My daughter is 8 and she wants to conquer the world with a lemonade stand.
When I was a kid, I put one up too, in our colony in Madras. It did fairly good business.
Why lemonade? Well, it’s healthy, hydrating, simple to make, yummy. Also, when life gives you lemons, you make lemonade. Beyoncé will agree, right?
Beyond the universality of it, there is something empowering about a lemonade stand. If you check the news recently, so many children have used it to raise awareness about autism or to raise money for a war veteran.
Here’s what you can do when you get your child to put up a lemonade stand
1. Take away the freebies
Many people argue that a lemonade stand doesn’t really teach entrepreneurial skills.
Kids have their parents’ money to buy the material and they can use their tables and chairs or rent a kiosk.
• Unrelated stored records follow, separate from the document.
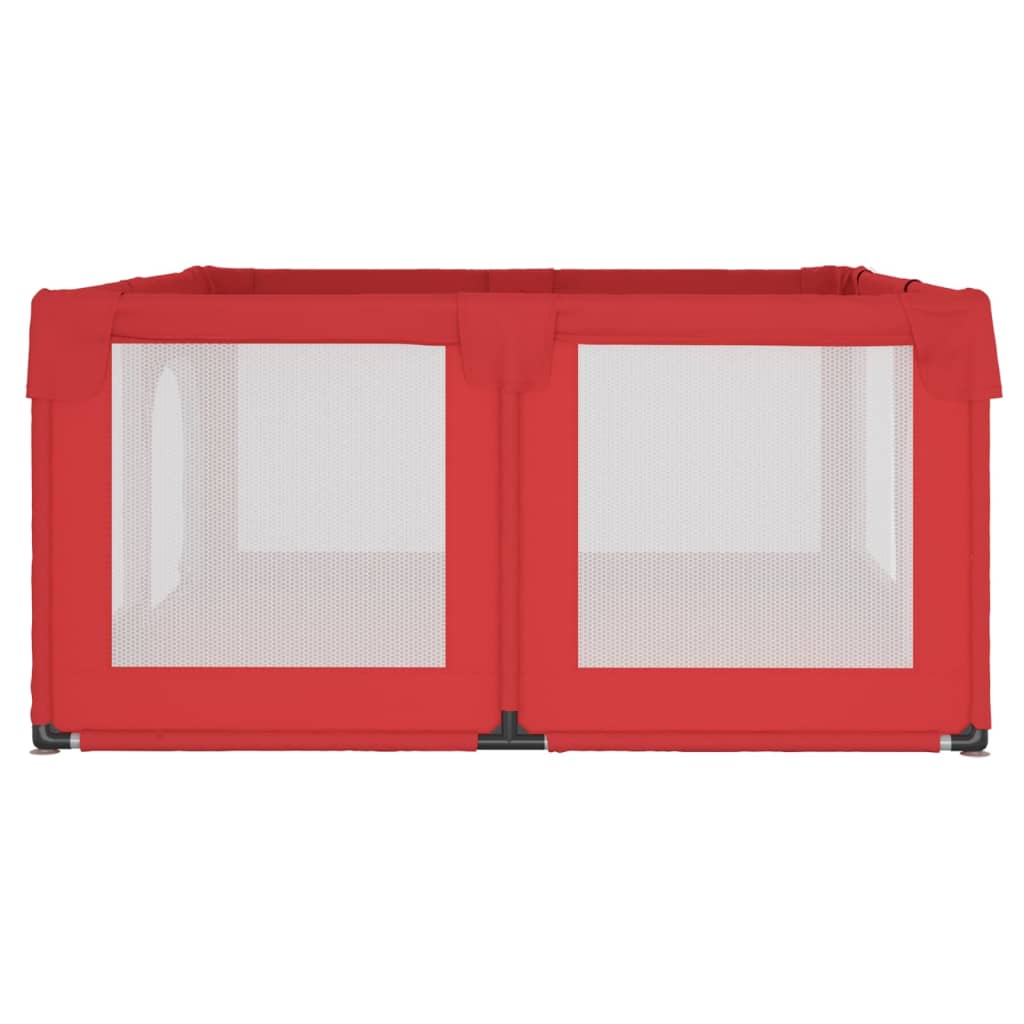 Babybox met 2 deuren oxford stof rood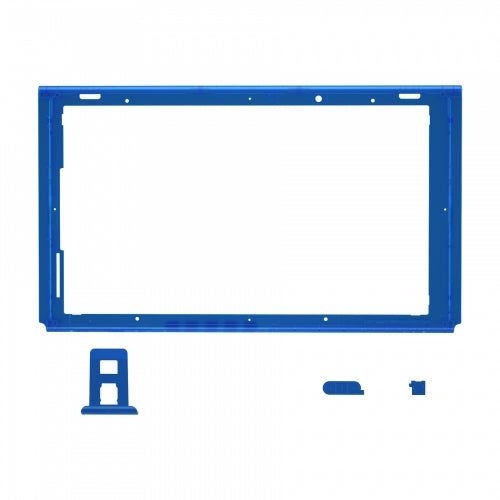 eXtremeRate Nintendo Switch front frame in clear blue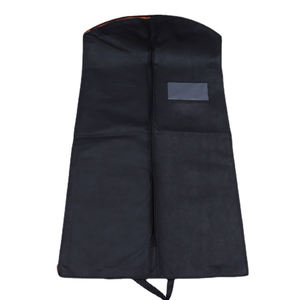 Lavable de alta calidad personalizado con logotipo negro blanco hombres, traje cubierta de viaje nupcial vestido largo vestido de novia bolsa de ropa/ - Product Image 2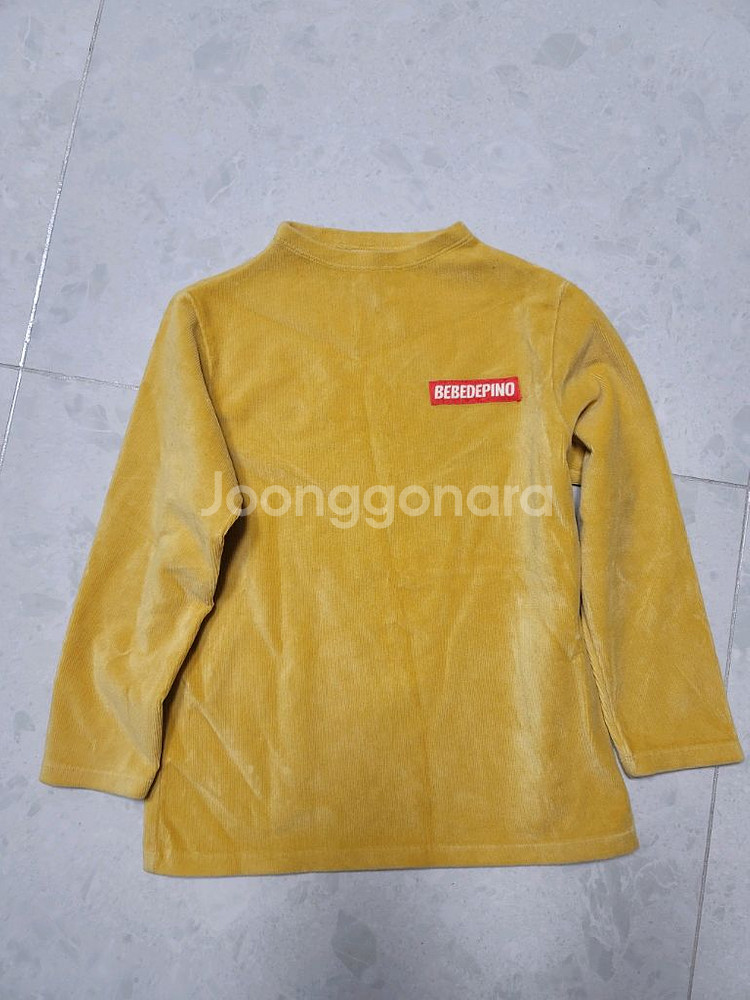 베베드피노 골덴 맨투맨 키즈130사이즈 상태굿--0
These costs don’t come into the picture.
As parents, we can encourage them to save up for these expenses way before they set up the stand.
This will give them a broader view of how entrepreneurship works.
2. Play hardball
When I was selling lemonade in my colony, everyone stopped by to buy some and to compliment me. My parents were proud and bought so many cups!
My uncle, on the other hand, played the no-nonsense, realistic customer. He made me really work hard to sell what I was selling. In friendly but persistent tones, he asked, why should I buy your lemonade? Because it’s fresh, I said.
Uncle: Can I have it for less?
Me: No, because I squeezed it myself.
Uncle: Why is the cost so high?
Me: Because I spent time getting good lemons and making sure that I strained all the seeds out.
I had to answer every one and not buckle under the pressure. Were my answers astute? Not really. Maybe they were childish but it really gave me tremendous insight into how sales works and how to negotiate.
3. Learn the accounting basics
How do you price your lemonade?
How many cup sizes do you come up with?
How do you one-up a competing lemonade or food stand?
How do you make a profit?
The reality is that a lemonade stand is a fantastic way to teach a child the basics of accounting. Don’t believe us? Here’s a book to prove it!
4. Cross-sell and improvise
At six, entrepreneur Gary Vaynerchuck opened a lemonade stand. That’s not all. He franchised it!
He would go around in his bike, collecting money from all of his 8 franchises.
One of the franchise owners, a kid, was equally smart and would hold out one or two dollars from Gary.
But Gary let it slide because this kid was an ace with customers and sold more than any other franchise owner.
5. Connect the dots
In this article in Forbes, Chris Myers talks about how his son had a stroke of genius when putting up a lemonade stand. He cross-sold cookies with the lemonade, because that’s what people like with their drinks.
But here’s the really brilliant part. He displayed some of his artwork alongside the food and drinks! Isn’t that genius?
They were up for sale and people ended up buying all of them. He also realized that people stopped at lemonade stands because of the cuteness factor and he was unafraid to sell himself.
An invaluable life skill for the future will be the ability to connect the dots and to think in a multi-disciplinary manner.
There is a name for this and entrepreneurs swear by it. It is called associative thinking. For instance, the April Toka Box is a masterclass in associative thinking for kids. It links a picture book on butterflies to engineering!
Really, the sky’s the limit with a lemonade stand. All you need to do is to improvise!